The way I see it is that a reporter (ProgressReporter) hands out (assigns) a progress report (Progress) for its subordinates to fill in,
like a supervisor assigns tasks to subordinates. The report is tied to the assignee, and can only be filled in once (i.e. the ~Copyable constraint).

Taking the other ideas from the Alternatives Considered section, at the risk of over personification, the other image I have is a Reporter Tree passes a Link to a function, and the function "grows"/"hydrates" the link into a progress subtree to which it reports progress to.

I'm really excited to see this pitched!

It's a topic I was helping out with here and there for a very long time, including this latest incarnation and I'm very happy with seeing this come together and bring Progress into the world Swift Concurrency

I'm very happy with the current proposed naming - the BasicProgress and BasicProgressReporter make sense and, and it's a nice way to establish creating child reporters if we want to actually start reporting some progress Might take some time getting used to for folks familiar to the old Progress API but I think these names are very clear in their intent and usage.

How is the cancellation implemented?

A ProgressReporter running in a Task can respond to the cancellation of the Task. In structured concurrency, cancellation of the parent task results in the cancellation of all child tasks. Mirroring this behavior, a ProgressReporter running in a parent Taskthat is cancelled will have its children instances of ProgressReporter cancelled as well.

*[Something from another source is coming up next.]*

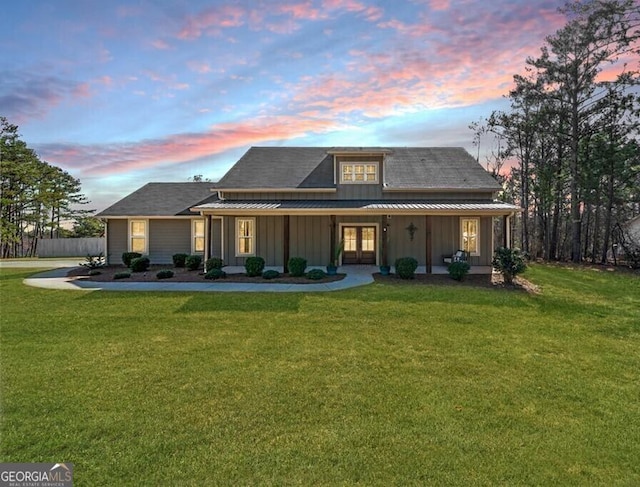 8007 Wishaw Ct, Douglasville, GA 30187 - farmhouse with board and batten siding, a front yard, french doors, and a porch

Cancellation in the context of ProgressReporter means that any subsequent calls to complete(count:) after a ProgressReporter is cancelled results in a no-op.

To verify my understanding here: I think this means that reporting progress checks isCancelled, right? It is less so about "when the task is cancelled the progress reporter becomes cancelled" because in order to do this you would have to use a withTaskCancellation {} around the whole scope of using the reporter, which would be annoying and we don't really care about actively becoming cancelled: just about not emitting progress numbers when in a cancelled task.

I think that's the right approach anyway, checking isCancelled is cheap enough and will be fine like this

Reporting from cancelled task

I am a little bit unsure if this not reporting progress from a cancelled task... but I don't have enough experience using Progress to know for sure...

Like this example:

        ... // expensive async work here
        progressReporter?.complete(count: 1) // This becomes a no-op if the Task is cancelled
        return "Chopped \(fruit)"

I mean: We did do the expensive work and returned the result anyway... so why do we not want to report this progress? Maybe that's something people expect? It felt a bit off to me to be honest reading these examples today.

If we did process the data, might as well report the progress: what if the entire processing did not stop because the cancellation and we return the final value anyway, as if cancellation didn't happen? Wouldn't it be weird that a progress bar is at 80% but we actually got the value successfully and "completely"?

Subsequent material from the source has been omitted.